━━━ Task material ━━━

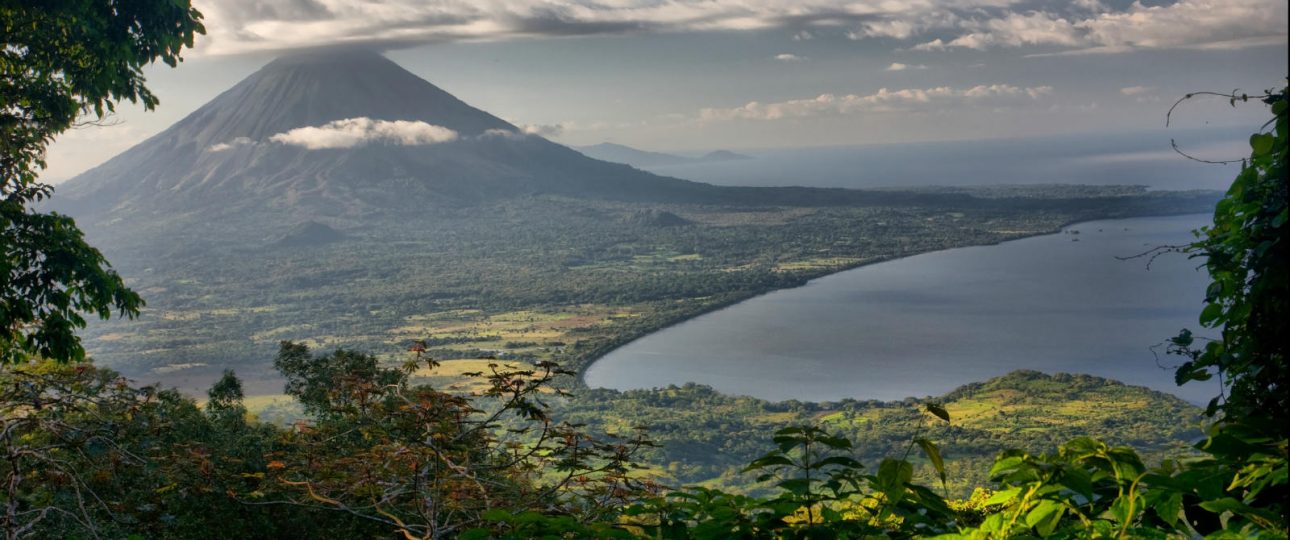 things to do in nicaragua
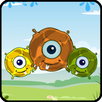Waggle 2: strategy puzzle game APK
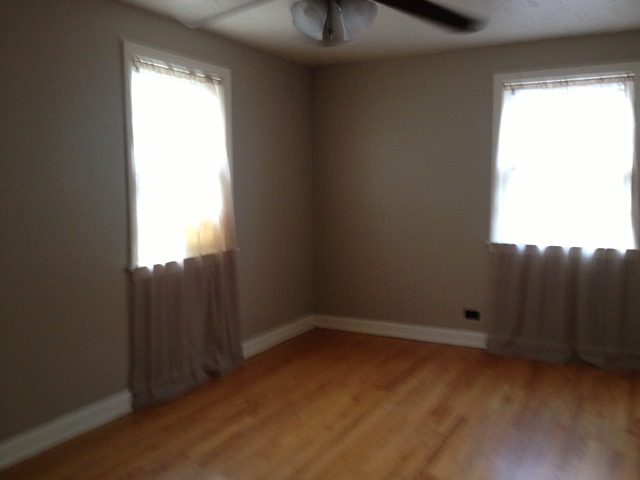 2237 12th Avenue Riverside, IL 60546 - Photo 9 of 17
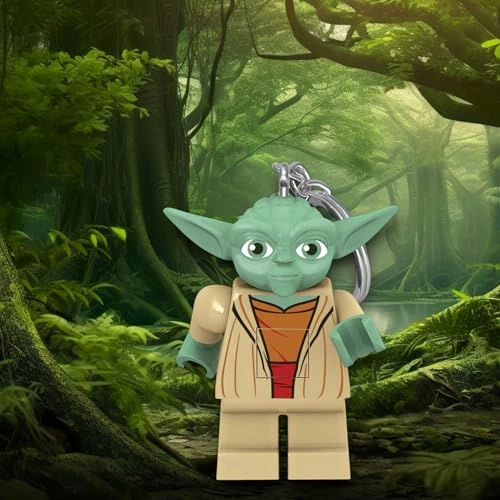 Star Wars LEGO Darth Vader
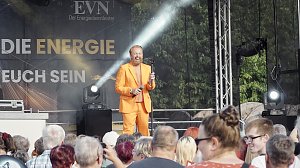 EVN Hoffest 2025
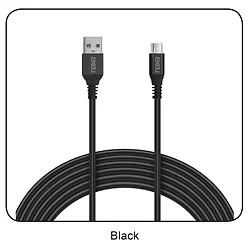 NAXA ELECTRONICS-NAC-300-3FBLACK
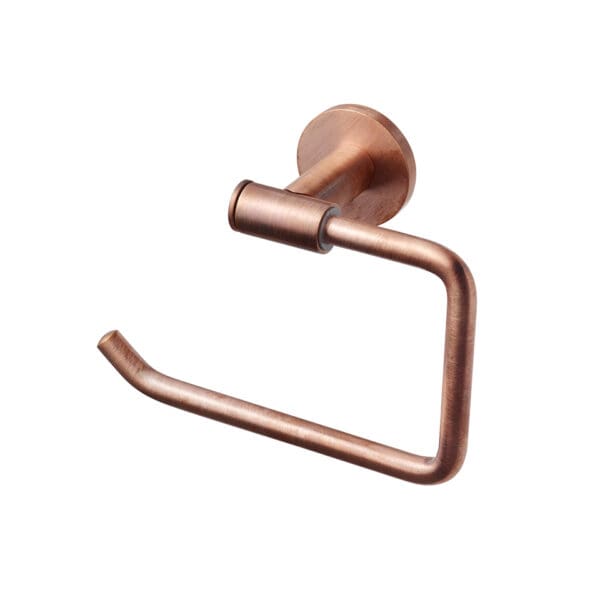 Tapwell TA235 Koppar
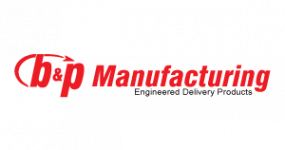 bp-handtrucks-mfg-logo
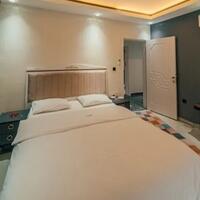 Oda Özellikleri Galerisi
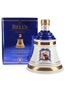 Bell's Ceramic Decanter Golden Wedding Anniversary 1997 70cl / 40%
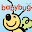 Babybug Magazine Download on Windows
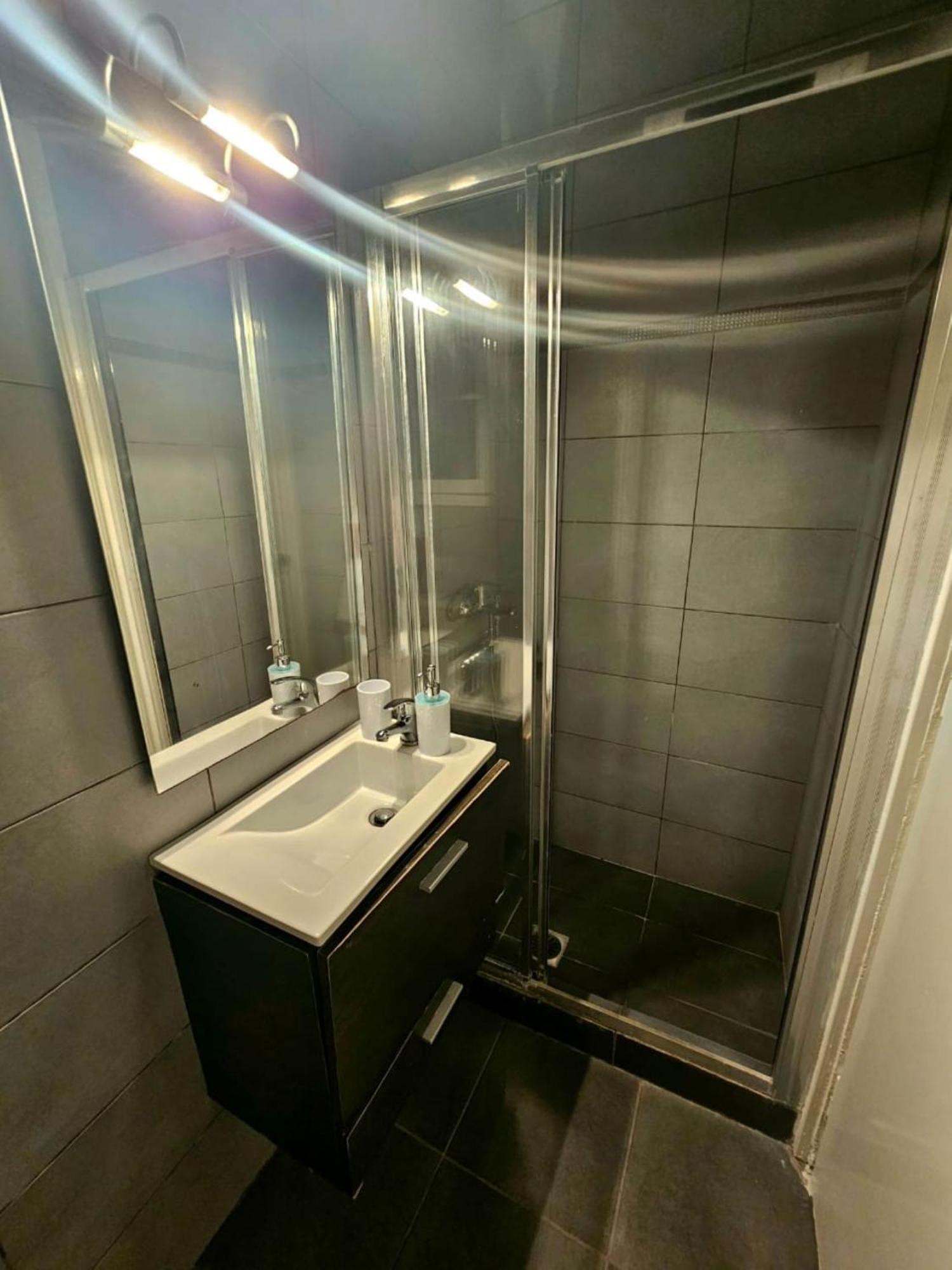 Corfu Glyfada Beach Apartment 59 Exterior photo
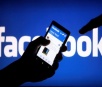 Facebook ganha novidades  para funcionar sem conexão  à internet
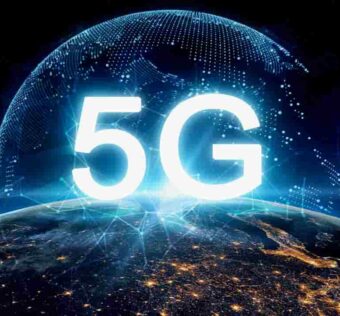 What is 5G Technology and How It Works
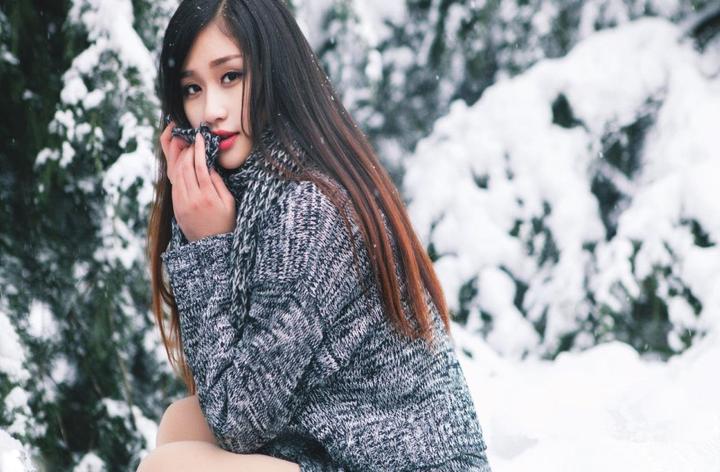 探索麻豆仁传媒APP的魅力与价值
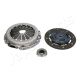 JAPANPARTS Kupplungssatz KF-012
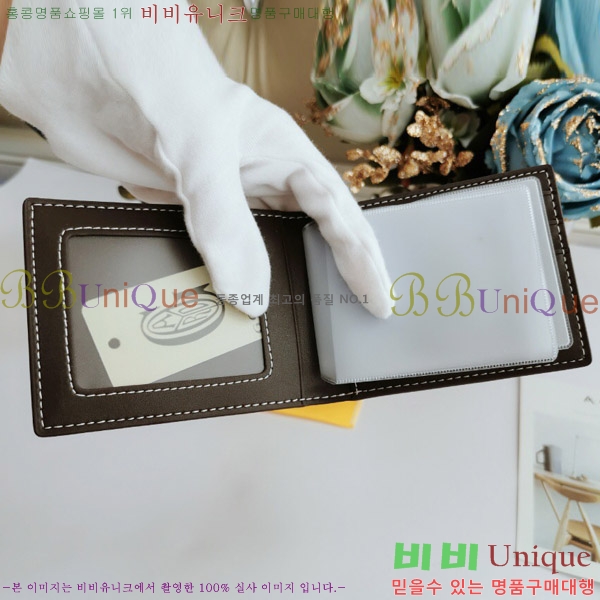 ���ߵ� ī������ �������� GY515-7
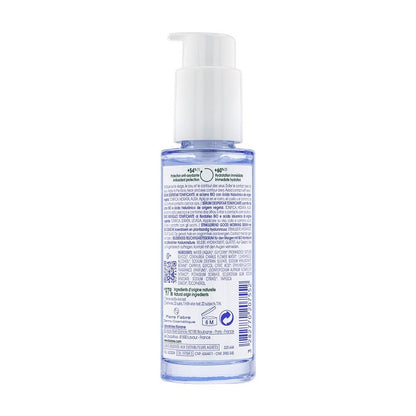 KLORANE Sérum Despertar Tonificante Aciano 50ml-2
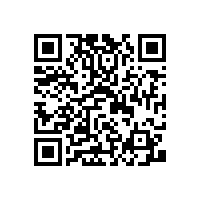 不环保的实木办公家具办公家具安装的工艺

━━━

> [Task objective]:
Your reply must hold only the lines from the line containing "EVN Hoffest 2025" through the end of the records above, written out exactly, both ends included, with no pictures, please.

> [Task output]:
 EVN Hoffest 2025
 NAXA ELECTRONICS-NAC-300-3FBLACK
 Tapwell TA235 Koppar
 bp-handtrucks-mfg-logo
 Oda Özellikleri Galerisi
 Bell's Ceramic Decanter Golden Wedding Anniversary 1997 70cl / 40%
 Babybug Magazine Download on Windows
 Corfu Glyfada Beach Apartment 59 Exterior photo
 Facebook ganha novidades  para funcionar sem conexão  à internet
 What is 5G Technology and How It Works
 探索麻豆仁传媒APP的魅力与价值
 JAPANPARTS Kupplungssatz KF-012
 ���ߵ� ī������ �������� GY515-7
 KLORANE Sérum Despertar Tonificante Aciano 50ml-2
 不环保的实木办公家具办公家具安装的工艺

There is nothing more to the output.